**What this task involves**
For the records below, copy exactly the span that begins at the line containing "224MYFLOW Floral sleeveless" and stops after the line containing "ALAIN | Top halter vieux rose", minus any pictures.

**Data under study**
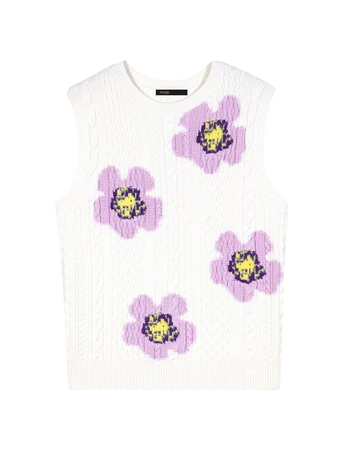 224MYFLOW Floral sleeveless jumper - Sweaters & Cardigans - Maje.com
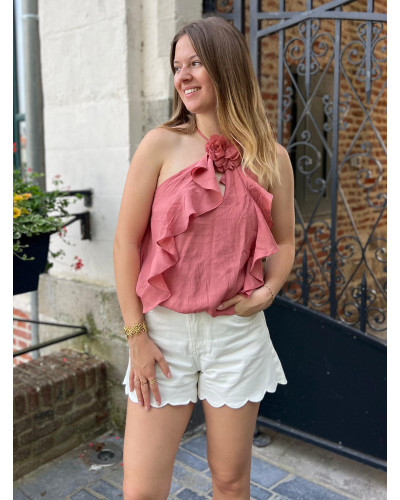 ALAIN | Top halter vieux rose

* * *

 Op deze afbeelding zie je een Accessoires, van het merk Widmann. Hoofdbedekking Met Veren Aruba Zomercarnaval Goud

---

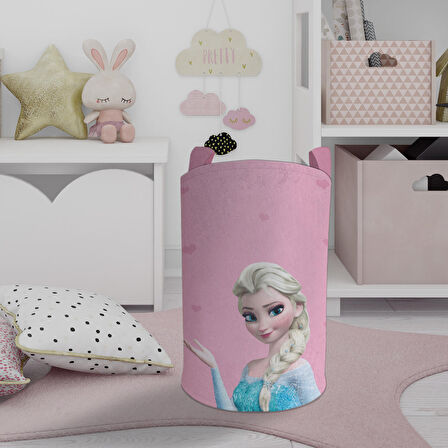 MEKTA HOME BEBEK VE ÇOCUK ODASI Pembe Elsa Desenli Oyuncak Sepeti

**Written response**
 224MYFLOW Floral sleeveless jumper - Sweaters & Cardigans - Maje.com
 ALAIN | Top halter vieux rose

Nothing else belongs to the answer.